Um den Fahrer-Nachwuchs müssen sich die Heimbacher – hoffentlich! – keine Sorgen machen, denn die Kindergartenkinder kamen spontan vorbei und wiederholten ihr Geburtstagsständchen. Anschließend überreichten sie rote Luftballon-Herzen an die aktive Fahrercrew. Berufswünsche wie Feuerwehrmann oder Lokomotivführer haben bei den kleinen Heimbachern offensichtlich keine Chance. Auf die Frage von Gerd Linden, wer denn zukünftig den Bürgerbus fahren wolle, schnellten alle Finger in die Höhe. Gute Aussichten für das Team, denn Gerd Linden legt 2018 den Vereinsvorsitz nieder. Bis die kleinen Fahrgäste allerdings selber den vertrauten Bürgerbus durch die Eifel steuern können, werden noch weitere „Ritter der Landstraße“ gesucht…

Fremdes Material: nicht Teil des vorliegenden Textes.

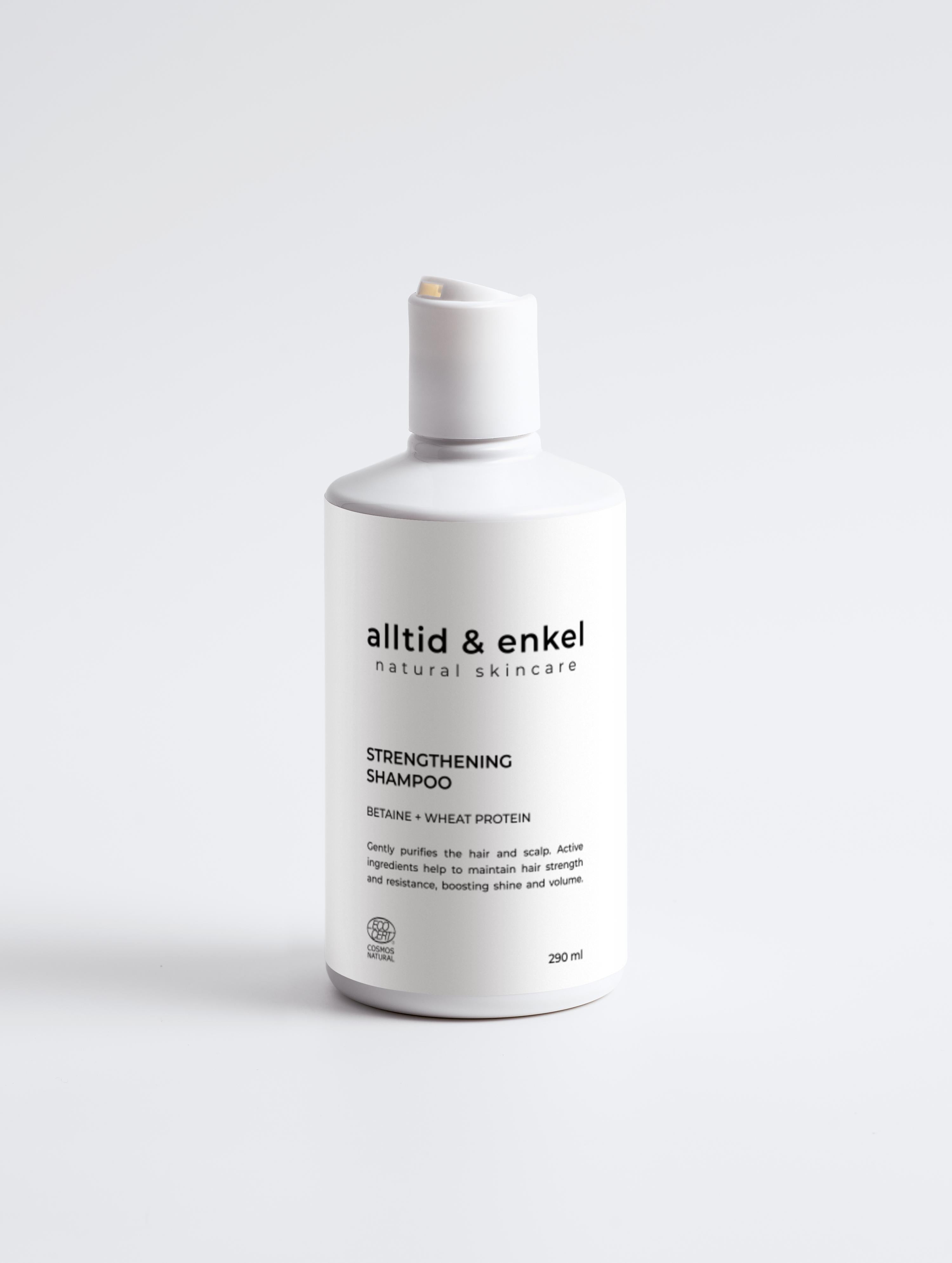 Strengthening shampoo in a sleek white bottle on a white background, 290 ml.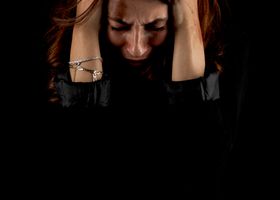 Woman holding head in distress against a dark background, symbolizing emotional struggle.
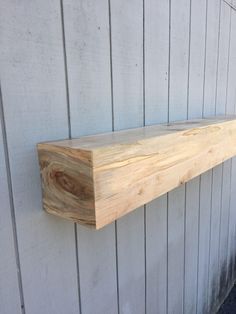 a wooden shelf on the side of a building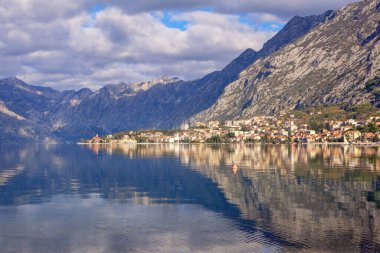 Güzel bir kış Akdeniz manzarası. Karadağ, Kotor. Dağlar ve bulutlar Kotor Körfezi 'nin suyuna yansıyor. Işık ve gölgenin zıtlıkları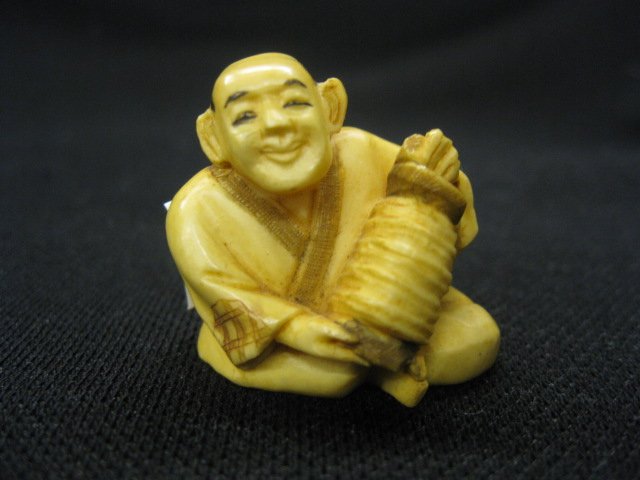Carved Ivory Netsuke of a Seated man, with accord: with accordian, 1 1/4", signed, excellent.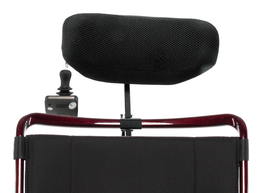 Black headrest and attendant joystick control mounted behind a red wheelchair backrest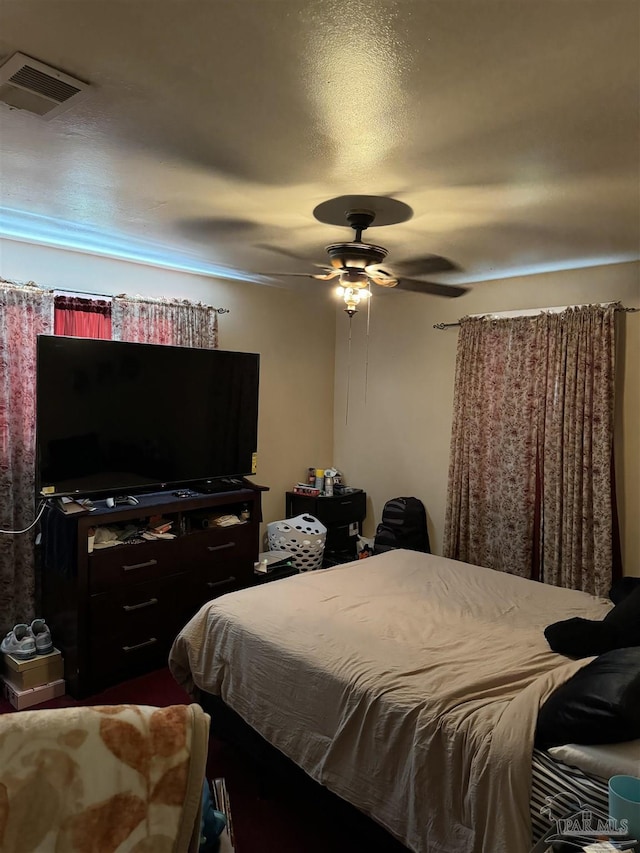 bedroom featuring ceiling fan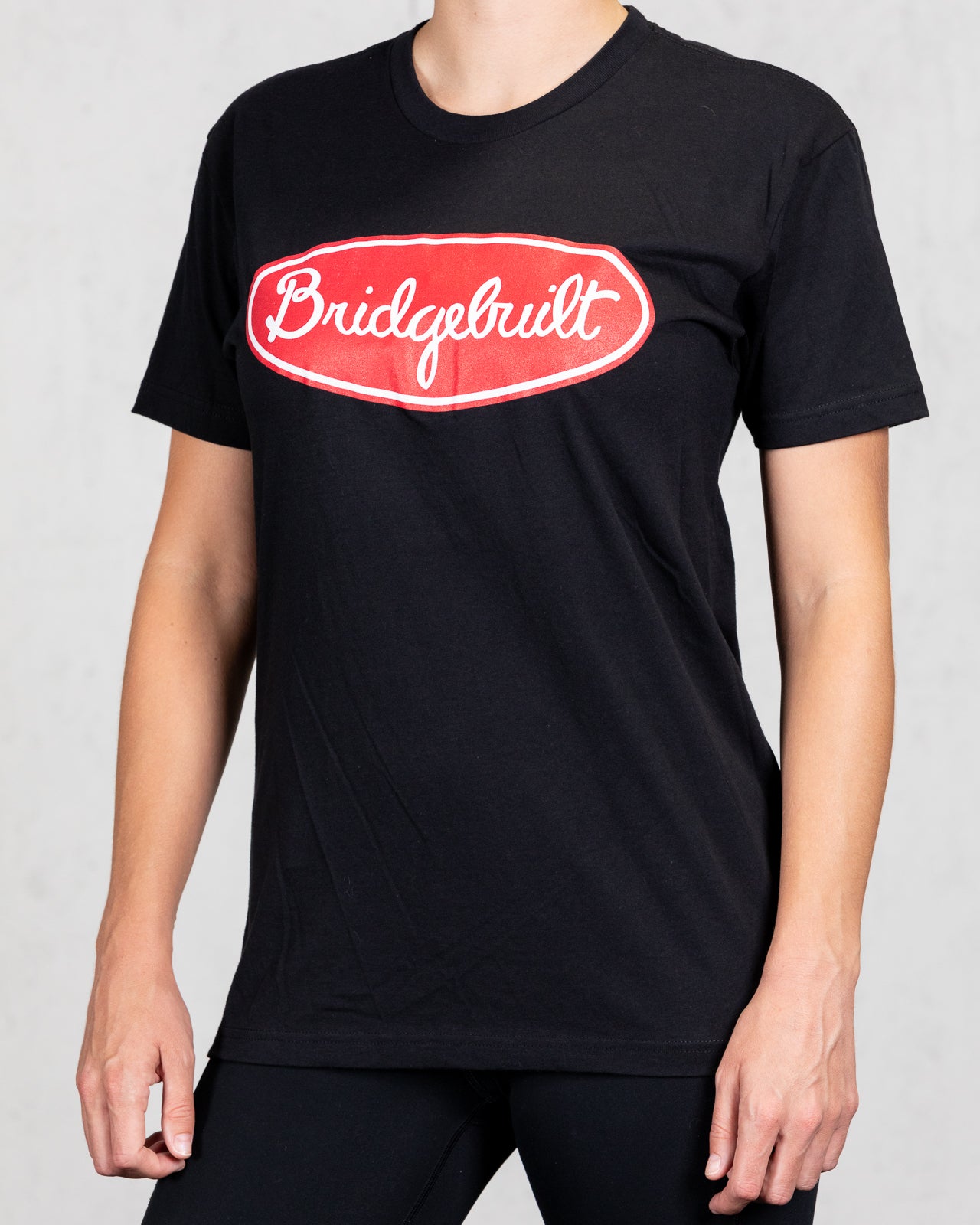 woman wearing black trucker tee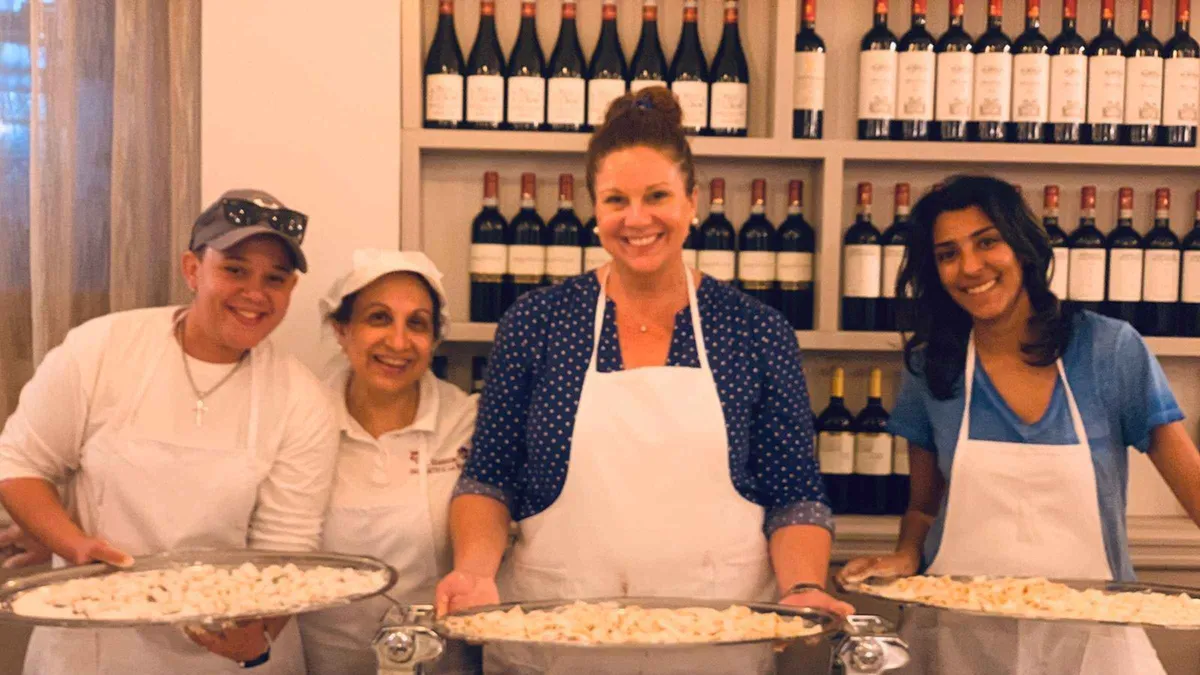Layering tiramisu in a restaurant kitchen on a Florence pasta and tiramisu cooking class in Italy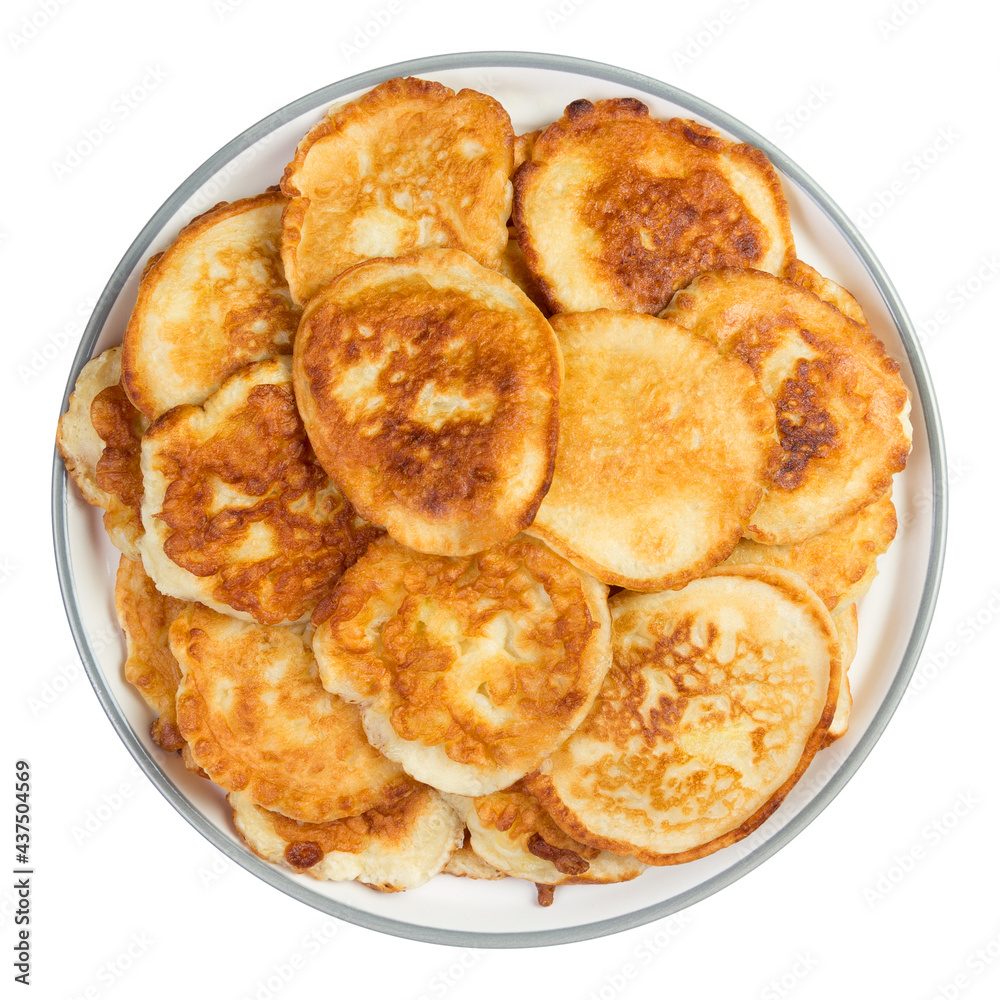 Homemade pancakes on a plate isolated on white background Homemade pancakes on a plate isolated on white background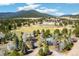 Aerial view of a property nestled among trees, with mountain views in the distance at 1927 Sunset Cir, Evergreen, CO 80439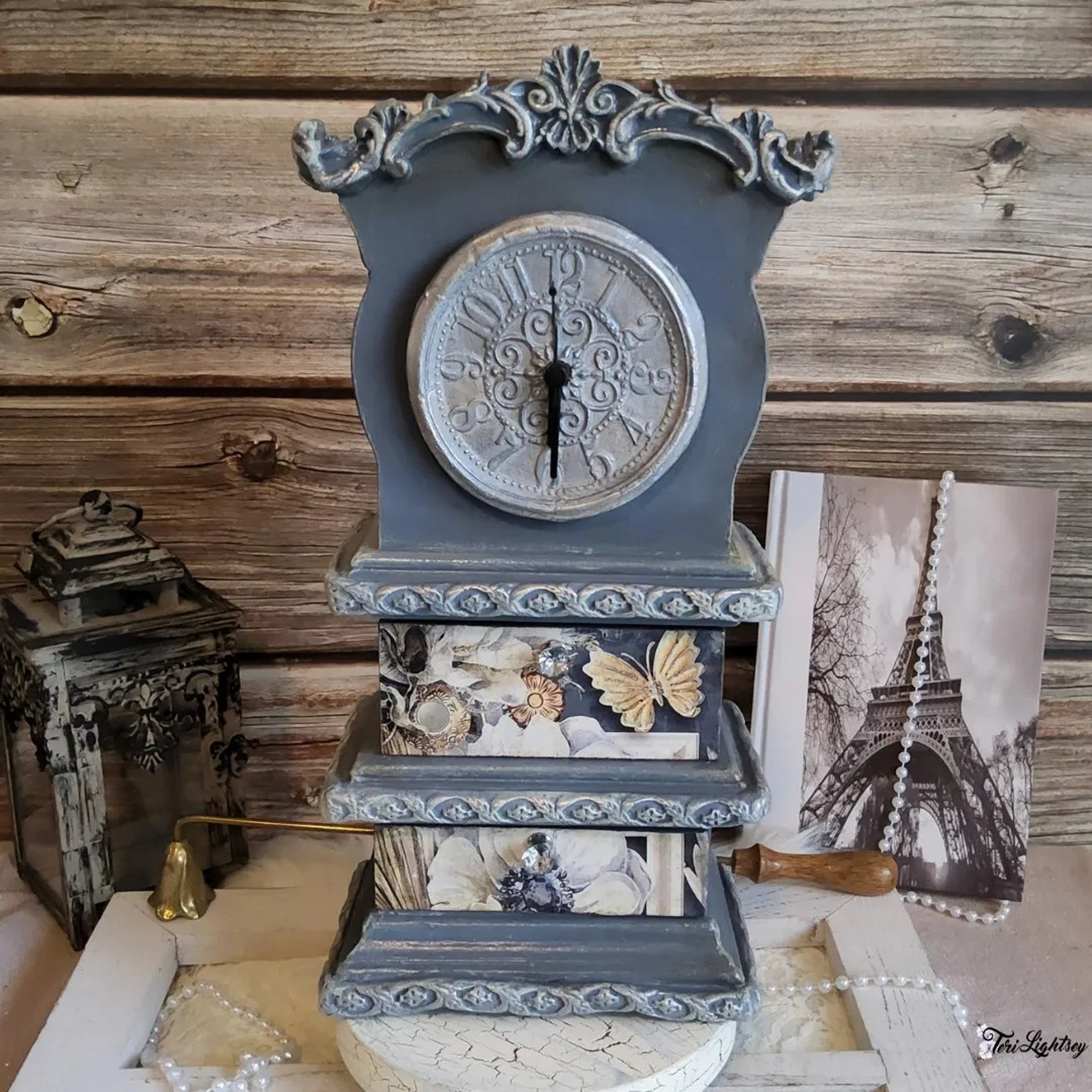 A vintage table clock with 2 drawers refurbished by Teri Lightsey is painted a muted blue and features Decoupage Queen's Sugar Magnolia A3 rice paper on the drawers.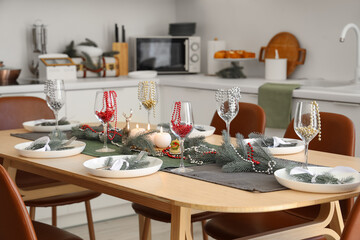 Beautiful table setting with Christmas decor and beads in interior of festive kitchen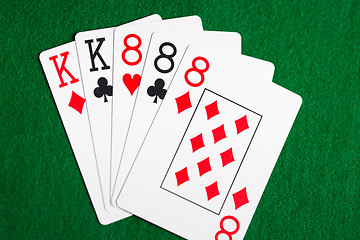 Image showing poker hand of playing cards on green casino cloth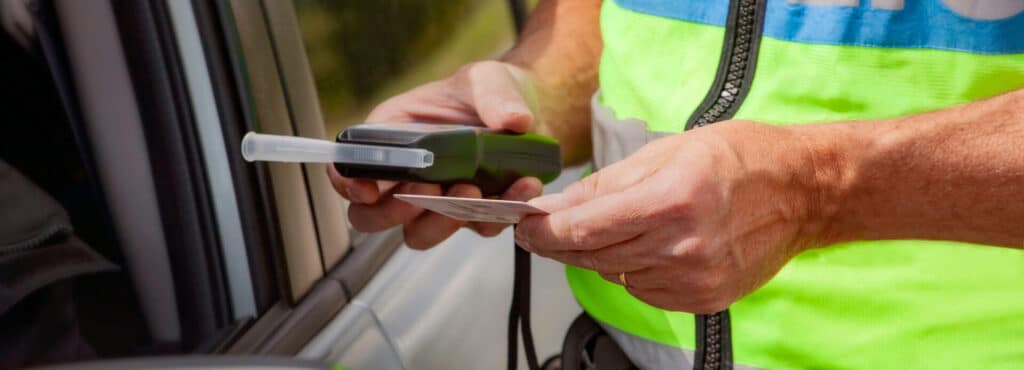 Police officer administers a breath test to a driver during a DUI investigation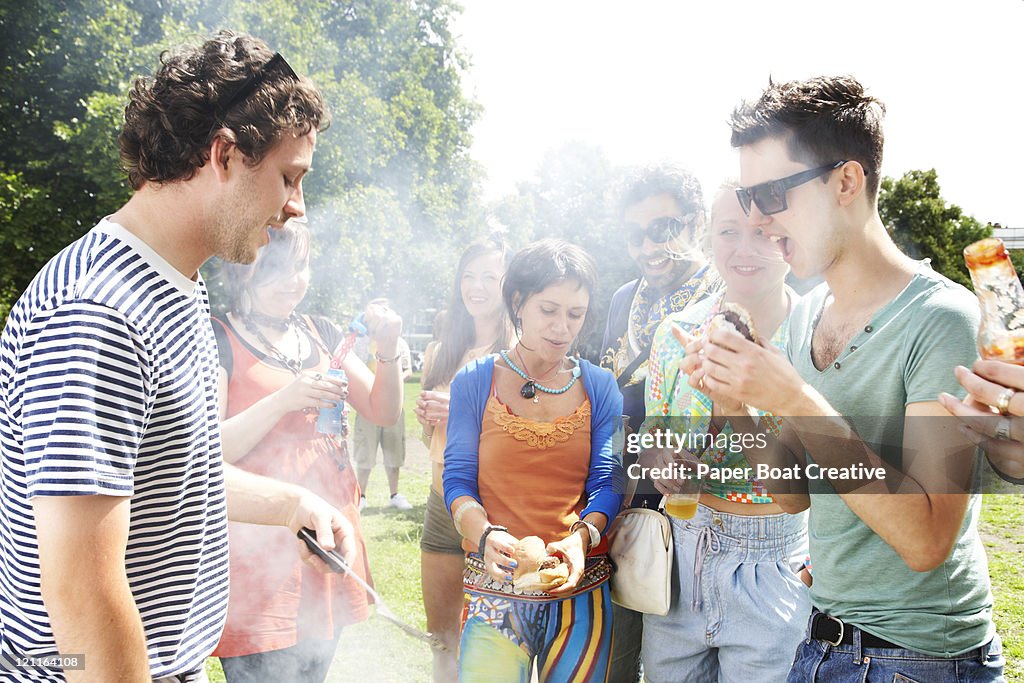 Group of friends huddled around a bbq grill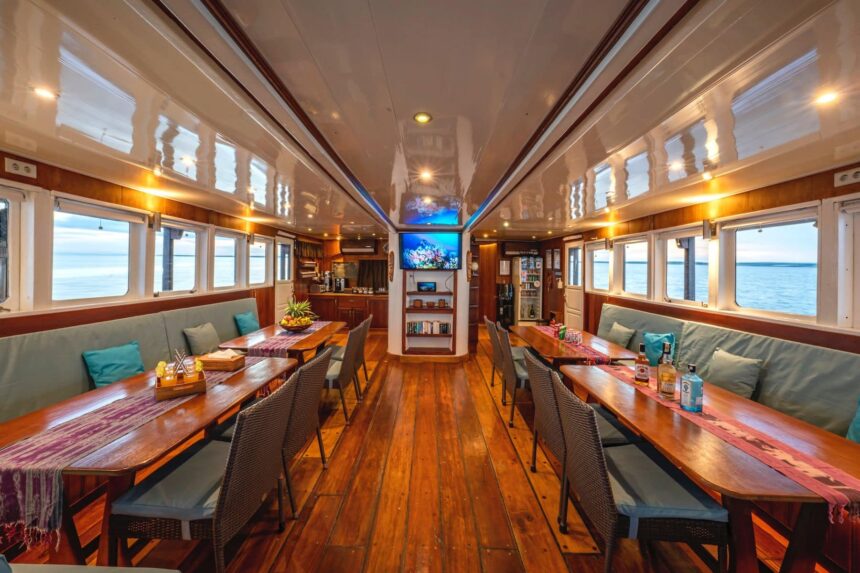 Dining saloon aboard the Ambai with long tables, a TV, and window views of the sea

Zur Feier des Tages hatten die „Bürgerbusler“ übrigens – auf eigene Kosten – kurzfristig ein Logo in Auftrag gegeben. Auf beiden Seitenscheiben des neunsitzigen Busses leuchtet der Slogan „30 Jahre Bürgerbus Heimbach. Wir sagen Danke.“
Die beiden anderen tragenden Säulen eines funktionierenden Bürgerbus-Betriebes sind – wie beim Beispiel der Heimbacher Initiative – die Kommune und das jeweilige Verkehrsunternehmen. Von der kommunalen Behörde wird der Verwaltungsaufwand erledigt: Das beinhaltet die Abwicklung der Zuwendungsbescheide, die sichere Unterbringung der Fahrzeuge sowie Unterstützung bei organisatorischen Arbeiten – von der Kopie bis zum Adressenaufkleber.
Das örtliche Verkehrsunternehmen organisiert die Sicherung der Konzession, gewährleistet die Fahrerausbildung und koordiniert die Fahrpläne, damit sich die ehrenamtlichen Fahrten lückenlos in den ÖPNV einklinken und so besonders im ländlichen Bereich gravierende Lücken schließen können.